Manslaughter accused denies hitting victim
A Hamilton man on trial for manslaughter says he had nothing to do with the death of a Ngaruawahia man.
Malcolm Fraser Poata, 39, of Hillcrest, yesterday went on trial in the Hight Court at Hamilton charged with the manslaughter of James Jock Moana at Hakarimata, Ngaruawahia, on February 17 last year.
Poata is accused of delivering two fatal blows to Mr Moana after a fight over cigarettes.
But Poata's lawyer, David Bates, said his client did not touch Mr Moana, rather the injuries were inflicted by a third man - Jamie Wade, known as Whiti - who had punched Mr Moana a minute or two earlier.
The trio were at a party being hosted by the Taupiri Motorcycle Club on Saturday, February 16, that stretched into the early hours of the next day.
Crown prosecutor Ross Douch told the jury of four men and eight women that Mr Moana was one of the "prospects" for the club, and on the night of the party, together with Mr Wade, was tasked with making sure the party ran smoothly, tidying up and cooking food.
Mr Moana became involved in an argument with Mr Wade over who was or wasn't pulling their weight.
The pair pushed and shoved each other before exchanging blows.
Mr Douch said Poata intervened, delivering a heavy blow to Mr Moana's head which sent him to the ground.
Poata is then accused of picking Mr Moana up and again punching him in the head, which sent him crashing into some pallets.

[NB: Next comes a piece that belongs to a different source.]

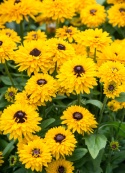 Rudbekia- Rudbeckia 'Littlebeckia Ballerina''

Mr Moana died from bleeding on the brain. Mr Douch said he also suffered two broken vertebrae in his neck, so even if Mr Moana had survived it was likely he would have been a paraplegic.
Mr Wade was first to give evidence and was questioned at length by Mr Bates who put it to him that it was he who delivered the fatal blows.
Mr Wade denied that, saying he walked off after exchanging punches with Mr Moana, and saw Poata punch him twice after an argument over cigarettes.